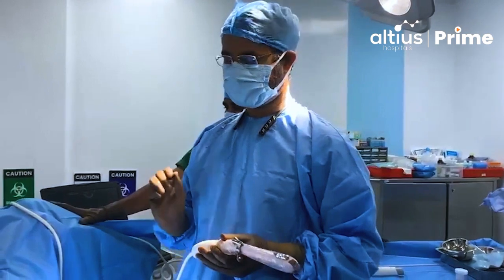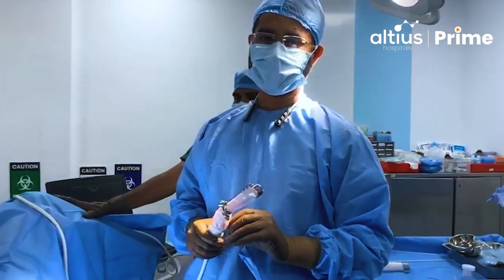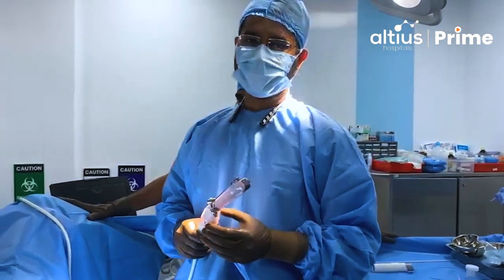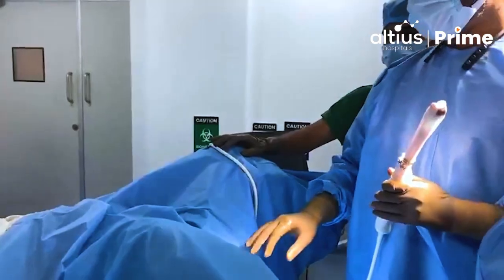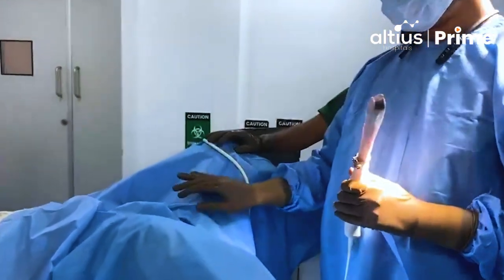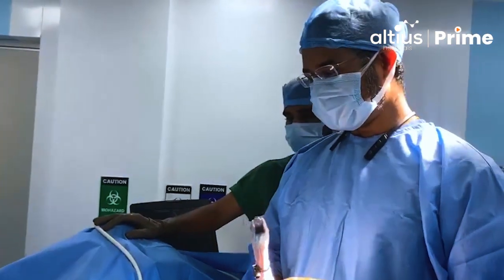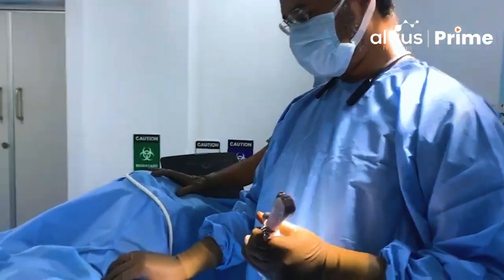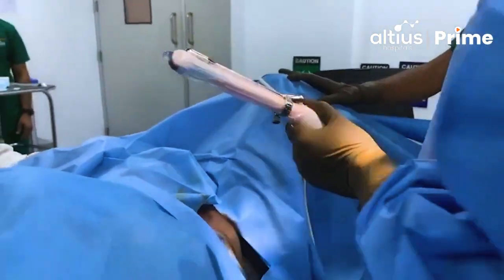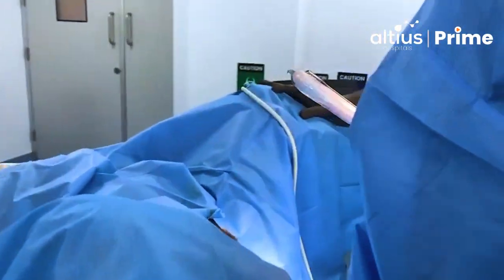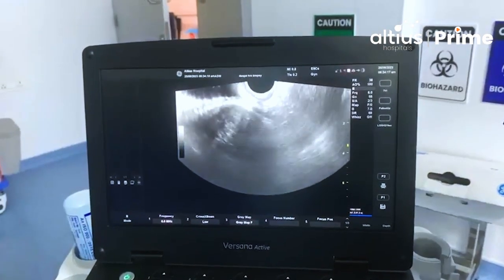This is a minimally invasive procedure for obtaining a sample from the target lesion, which can be utilized for histopathological analysis, and accordingly the treatment management can be decided. The patient is to be put in lithotomy position, sterile precautions must be taken, the perineal area is to be draped well and cleaned with povidone-iodine.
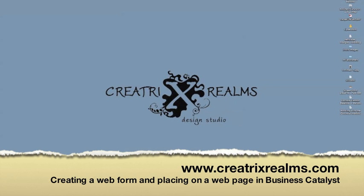Hi, this is Celeste from Creatrix Realm, and today I'm going to show you how to create a web form through Business Catalyst and a workflow.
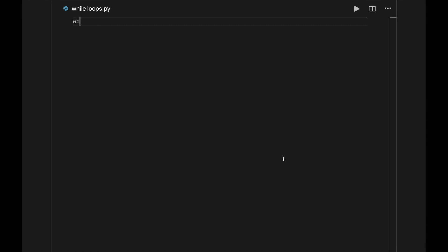Loops are a big concept to learn, so take your time and make sure you understand everything. That's all for now. CodeDog out.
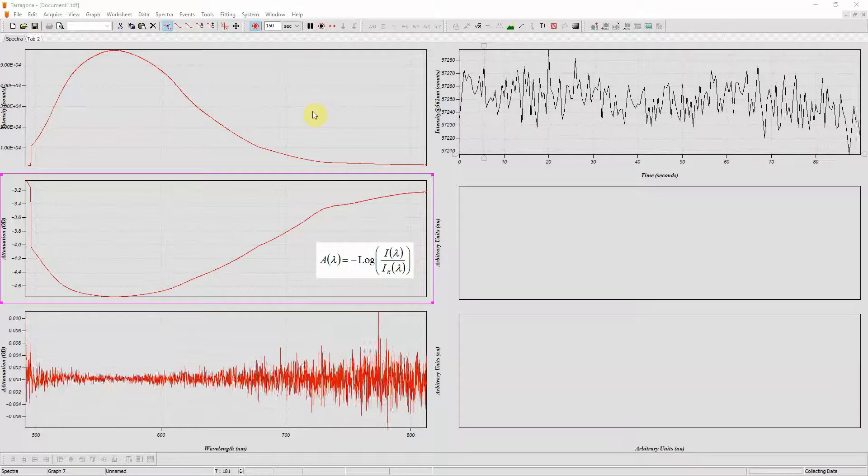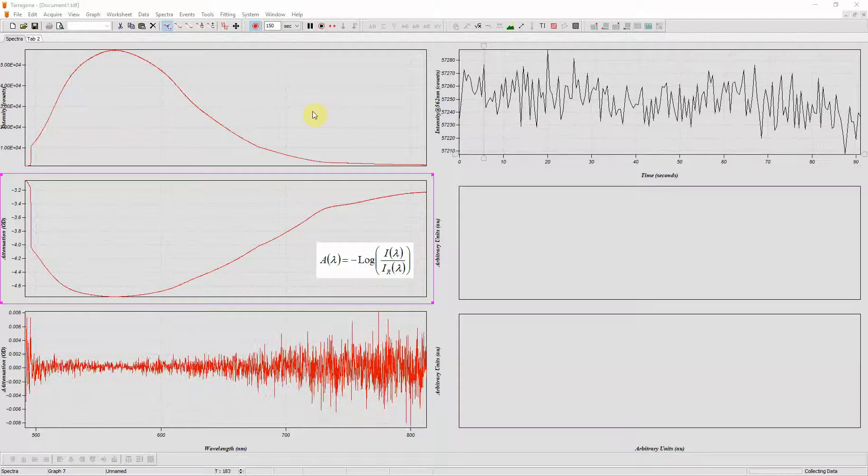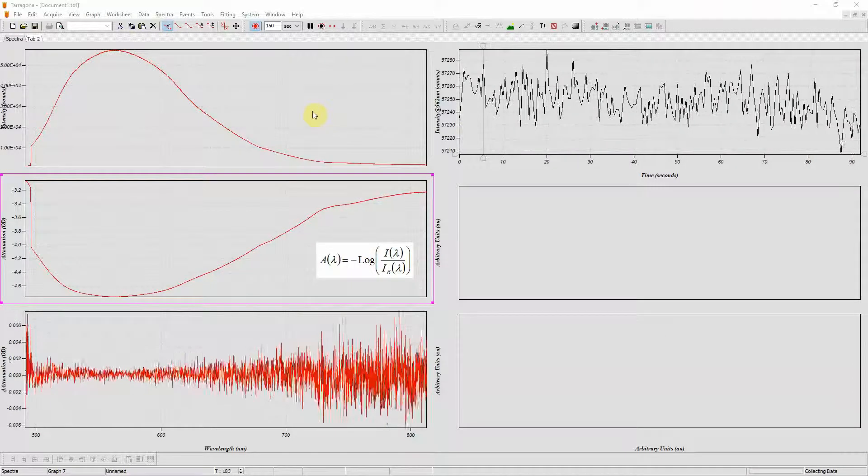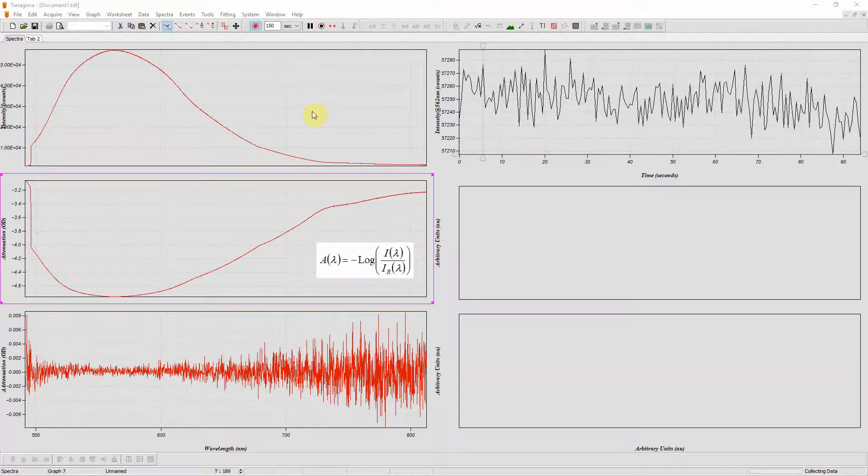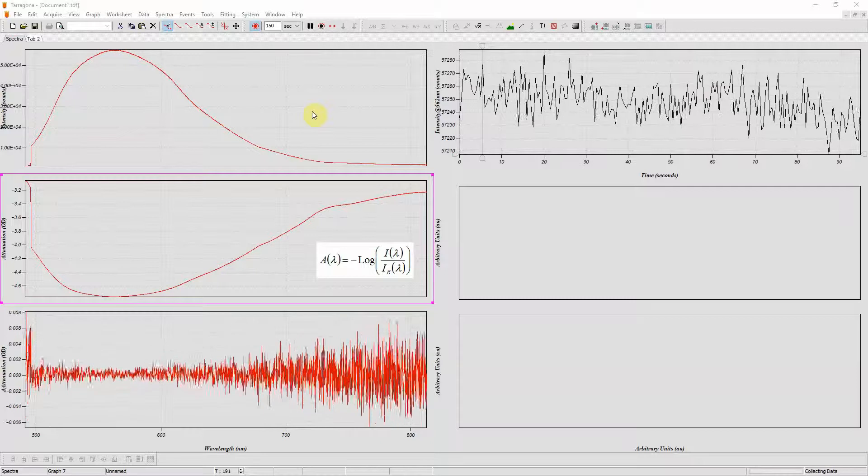Welcome to Tarragona from SalesSpecs. Today I'm going to show you how to intensity calibrate your spectrometer and talk about the black level.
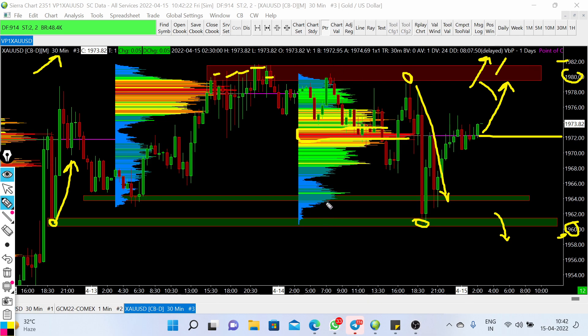These are the support and resistance levels to keep in mind for the coming trading sessions. We will discuss more about these levels in the Telegram channel. Thank you and good luck.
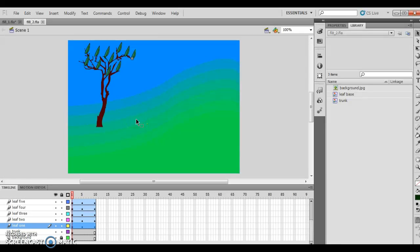Hello, and welcome to Flash Animation Chapter 8, Lesson 2.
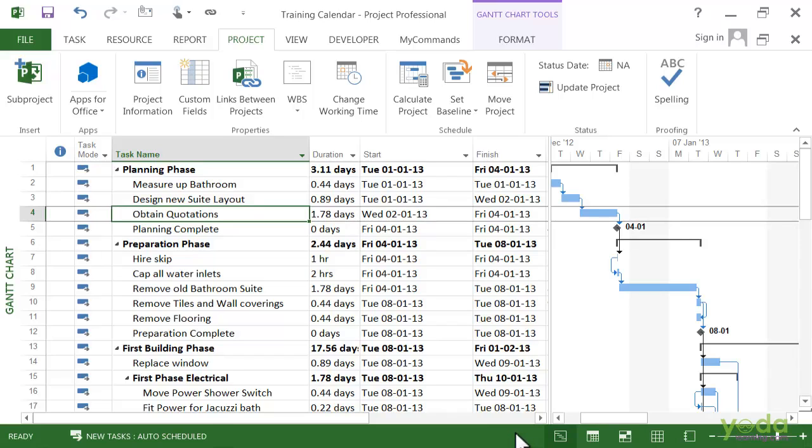When you set up the working and non-working days and times for your project and resources, Project can calculate a more accurate and realistic schedule. I hope the concept is clear to you. Thank you.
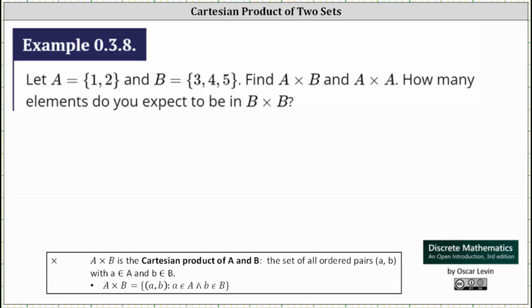We are given set A and set B, and we need to find the Cartesian product of A and B, the Cartesian product of A and A, and also how many elements we expect to be in the Cartesian product of B and B.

────

The task: What you give back must match the lines from the start of the records through the line that contains "Hi, this is", exactly, with the pictures left out.

Reply to the task:
This is a minimally invasive procedure for obtaining a sample from the target lesion, which can be utilized for histopathological analysis, and accordingly the treatment management can be decided. The patient is to be put in lithotomy position, sterile precautions must be taken, the perineal area is to be draped well and cleaned with povidone-iodine.
Hi, this is Celeste from Creatrix Realm, and today I'm going to show you how to create a web form through Business Catalyst and a workflow.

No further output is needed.